I once took an exam in which I had to write an essay on the connection between intelligence and eccentricity.
I argued that wisdom and foolishness are often closer than we think but the trouble was I had no actual evidence to prove my point. So, in the true spirit of every student who has not done enough work, I made something up. Specifically, I concocted the story of an eminent 18th century magistrate in St Albans, whose judgements were acclaimed for their wisdom but whose foolish custom it was to ride to court on a cow. I named this fictional person after my actual friend Richard Tarrant, to whom I would now, forty years later, like to apologise.
It was hardly the funniest joke ever, but April 1st is a dangerous day to claim to have made the funniest joke ever, because much funnier jokes are happening all around us. Everybody’s hilarious on April Fools’ Day, from the BBC to the child who put a rubber spider in your bed.
On the other hand, that also makes April 1st a dangerous time to come here and attempt to say anything serious, because April 1st is the day when seriousness is absolutely not the issue. It’s the precise opposite: April Fools’ is the birthday of the absurd, the anniversary of the ridiculous, the feast day of fun. It’s the Ken Dodd of days.
Strangely, St Paul wrote a letter to his friends in the city of Corinth in which he made the spectacular claim that Jesus himself is a joke, and possibly the funniest joke of all time.
Paul called it wise foolishness, and like all the best April Fools, there is joy in the gag: the preposterous, hilarious idea that God chooses, as Christians believe, to become a real human person in order to express love and solidarity with all the other real human people.
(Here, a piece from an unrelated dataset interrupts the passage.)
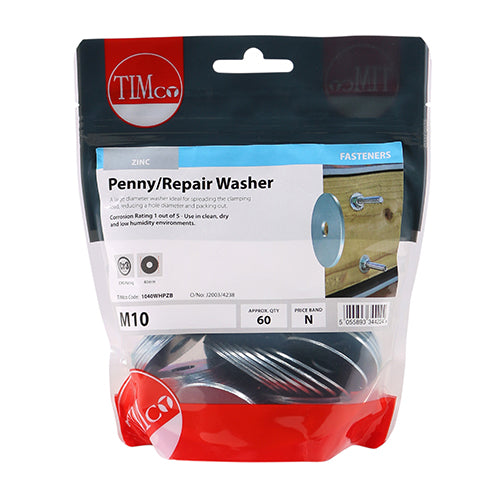 TIMCO Penny / Repair Washers DIN9054 Silver — Bag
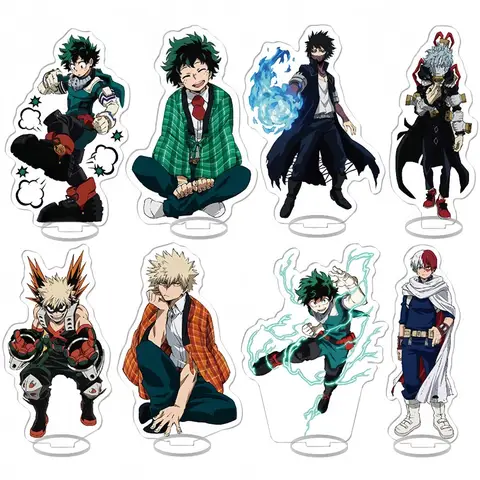 For MHA Anime Peripheral Izuku Shigaraki Bakugou Todoroki Ochaco 15cm Acrylic Stand Cartoon Cute Desktop Creativity Ornament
And if there is joy to be derived from any of the April Fools gags we will read, see and suffer today, I reckon it is in the solidarity that comes with laughter, with delight in not only fooling but being fooled and being foolish. Because in a serious world, every ridiculous, laughing moment of solidarity reminds us how infinitely better than what divides us are all the foolish human things that bind us together.
The image at the top is by Aelbert Cuyp: Cows, etching, 1640-1665; Gift of Bishop Monrad, 1869; Te Papa Tongarewa (Museum of New Zealand); (1869-0001-95)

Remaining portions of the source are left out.